The veteran anti-abortion campaigner, Des Hanafin, spoke in a stage whisper at the Government's press conference on the latest abortion referendum. "It's all right," he said to his companion. "Nothing new in eight or nine."
The numbers refer to questions asked and answered in the Government's information pack, first about protection for women and second about protection for "the unborn". Pregnant women will receive medical treatment that doctors consider necessary to literally save their lives, but no more.
Significantly, a woman's so-called "threat of self-destruction" arises in the question dealing not with her but with "the unborn". Mr Hanafin was right in saying there was nothing new, but wrong in saying it was all right. The assumption that people didn't grasp the issues in 1992 when they refused to exclude the risk of suicide as grounds for an abortion underscores the bill-within-a-bill that constitutes the proposed new abortion amendment and Protection of Human Life in Pregnancy schedule.
The real question whether all the debate and consultation in the meantime was a play-within-a-play designed to lull the electorate into a moral sleep where they could dream that reality would be acknowledged, at least in part. Bertie Ahern said he is excluding women's threat of suicide because it "opens the door for social abortion".
Women, apparently, are not to be believed. This assumption is part of fundamentalist anti-abortion ideology: it has extremely negative consequences for all areas of women's lives.
The overall package ignores advances in reproductive technology and scientific understanding since the first abortion amendment in 1983. It ignores the views of doctors who urged the All-Party Committee to legislate for Irish women currently obliged to give birth to babies who can't survive outside the womb.
It ignores the electorate's decision in balancing competing rights when a women becomes pregnant as a result of rape or incest and does not want to continue the pregnancy. By avoiding the reality and middle-class bias of Irish abortion, it condemns Irish "unborn" to be aborted at a later gestational age than anywhere else in Europe, ignoring fundamental ethical problems and potentially serious medical consequences for women.
The proposal will not change existing medical practice. The minority of women for whom pregnancy is a deadly condition are already treated by abortion procedures in Irish hospitals, as the Masters of the major maternity hospitals have testified. Doctors are simply assured that they will not risk prosecution if their paperwork is correctly completed.
The proposal tries to control people's words and deeds, on pain of prosecution. Journalists, counsellors, doctors and campaigners, as well as parents, partners and friends, may face potential legal challenge if they are accused of aiding or abetting an abortion, or believed to be encouraging pregnant women to consider termination. Health board workers responsible for pregnant children in care may encounter difficulties in gaining permission to travel to Britain with their charges because the threat of suicide is so thoroughly excluded in the proposals. Everyone needs absolute assurances on these points.

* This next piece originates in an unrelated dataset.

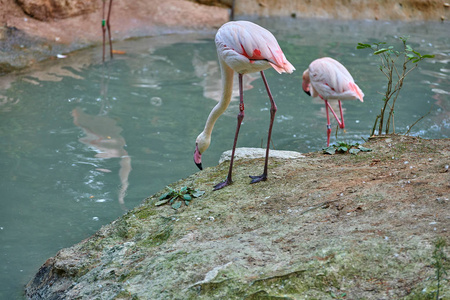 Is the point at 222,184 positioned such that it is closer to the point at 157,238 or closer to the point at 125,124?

Because referral is prohibited, Irish women having abortions in Britain who encounter complications suffer because medical information cannot be exchanged, lest criminal charges be brought. Irish doctors will be unable to establish procedures for having autopsies performed on malformed foetuses in the interests of research and to identify a particular couple's risk in subsequent pregnancy.

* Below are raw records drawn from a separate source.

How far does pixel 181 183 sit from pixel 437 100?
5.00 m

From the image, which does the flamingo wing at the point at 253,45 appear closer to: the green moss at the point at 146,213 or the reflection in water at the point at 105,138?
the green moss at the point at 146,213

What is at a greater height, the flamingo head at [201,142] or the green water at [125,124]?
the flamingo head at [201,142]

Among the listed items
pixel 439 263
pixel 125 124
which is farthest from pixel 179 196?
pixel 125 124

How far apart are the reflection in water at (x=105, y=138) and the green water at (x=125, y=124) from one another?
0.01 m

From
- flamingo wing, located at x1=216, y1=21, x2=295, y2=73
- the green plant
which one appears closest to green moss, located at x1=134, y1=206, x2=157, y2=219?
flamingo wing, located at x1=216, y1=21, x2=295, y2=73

Apart from the serious issue of abortion, the question mark placed over women's credibility undermines their status in every walk of life, irrespective of pregnancy. Whether you are a judge, businesswoman, bus driver, civil servant, politician, IT worker, teacher, homemaker, nurse, doctor or fashion icon, your credibility is now second-rate.
This gratuitous insult may be politically expedient. More likely, it is a matter of control. The All-Party Committee heard that psychiatrists are unable to predict suicide in most cases and that other medical experts lack the expertise to do so. Evidence adduced about rates of suicide in pregnancy failed to distinguish crisis pregnancy as a specific sample, and applied normal behaviour to those cases. No evidence was taken about parasuicide, a more typical female pattern, nor about long-term depressive and self-destructive behaviour in women who gave birth against their will after rape or incest.
The Attorney General has argued he cannot find a way to consider rape a legally enforceable ground for termination. The same reasoning applies in cases of incest.
Yet every day, garda∅ and health professionals make judgments based on probability to enable them take rape and incest cases seriously. Statutory rape is already legally defined. Less frequently, but often enough to concern many, lawful judgements about mental health are made to support taking people into psychiatric care, and incarcerating them without their consent.
The State, in other words, can find formulas to support its actions when it deems them necessary. But Mr Ahern asks us to believe he cannot budge another inch. His actions of those of a gentleman, because he gave his word to have another referendum, and a gentleman's word is his bond. A woman's counts for nought.